* **WHAT YOU WILL DO**
Copy each entry below verbatim. Skip the pictures.

[[ DATASET ENTRIES, beginning ]]

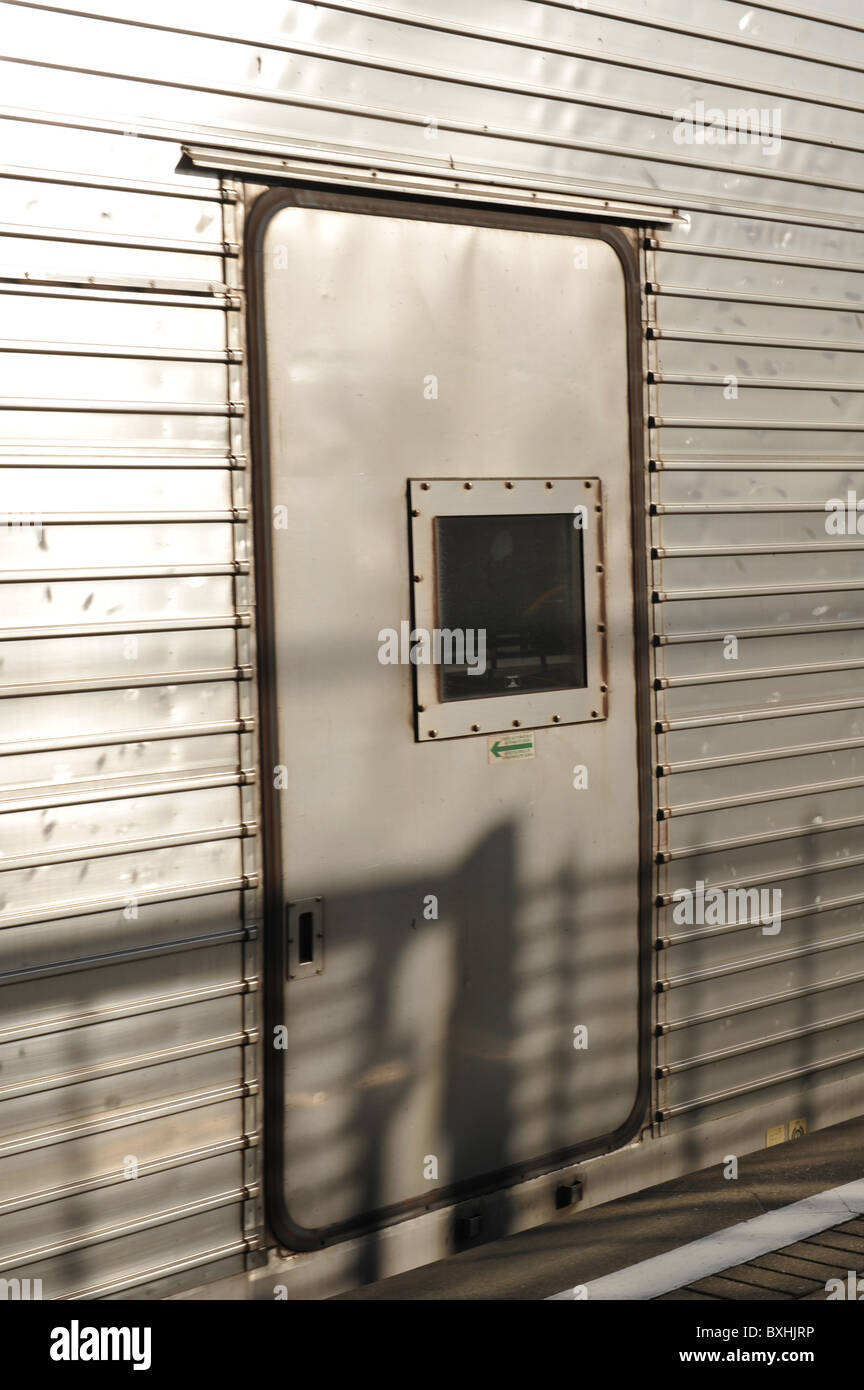 La porte de secours d'urgence sur un train dans le Tunnel sous la Manche Eurotunnel Banque D'Images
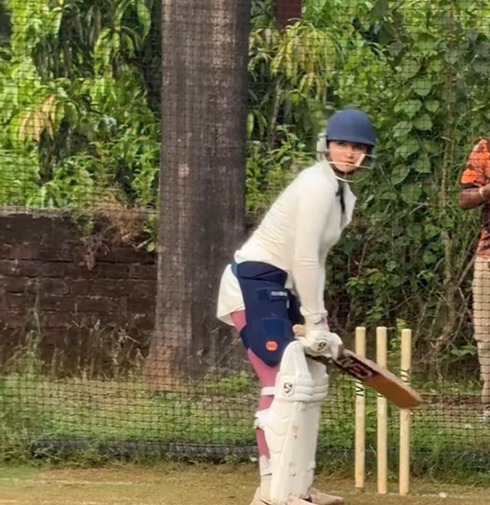 Anaya Bangar की क्रिकेट मैदान में धमाकेदार वापसी, चौके-छक्कों से मचाया धमाल- VIDEO वायरल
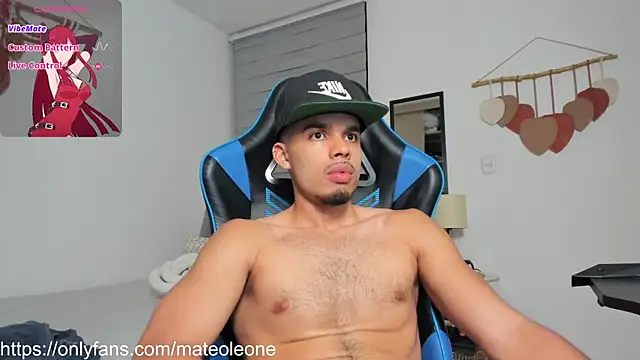 mateoleonee webcam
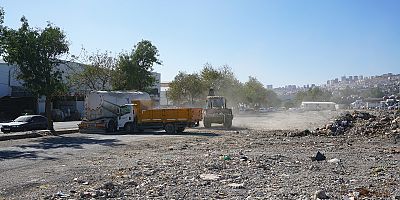HÂL, İNŞAAT ATIKLARI VE MOLOZLARDAN TEMİZLENİYOR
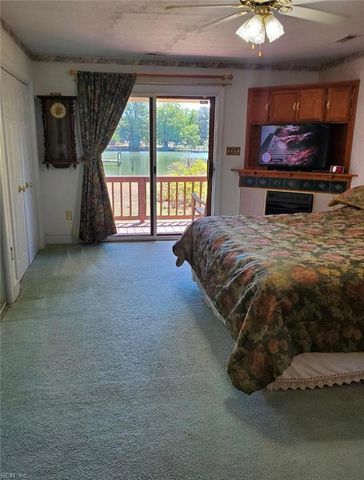 1923 Pine LN, Hayes, VA 23072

[[ DATASET ENTRIES, end ]]

* **RESULT FOR THIS EXERCISE**
 La porte de secours d'urgence sur un train dans le Tunnel sous la Manche Eurotunnel Banque D'Images
 Anaya Bangar की क्रिकेट मैदान में धमाकेदार वापसी, चौके-छक्कों से मचाया धमाल- VIDEO वायरल
 mateoleonee webcam
HÂL, İNŞAAT ATIKLARI VE MOLOZLARDAN TEMİZLENİYOR
 1923 Pine LN, Hayes, VA 23072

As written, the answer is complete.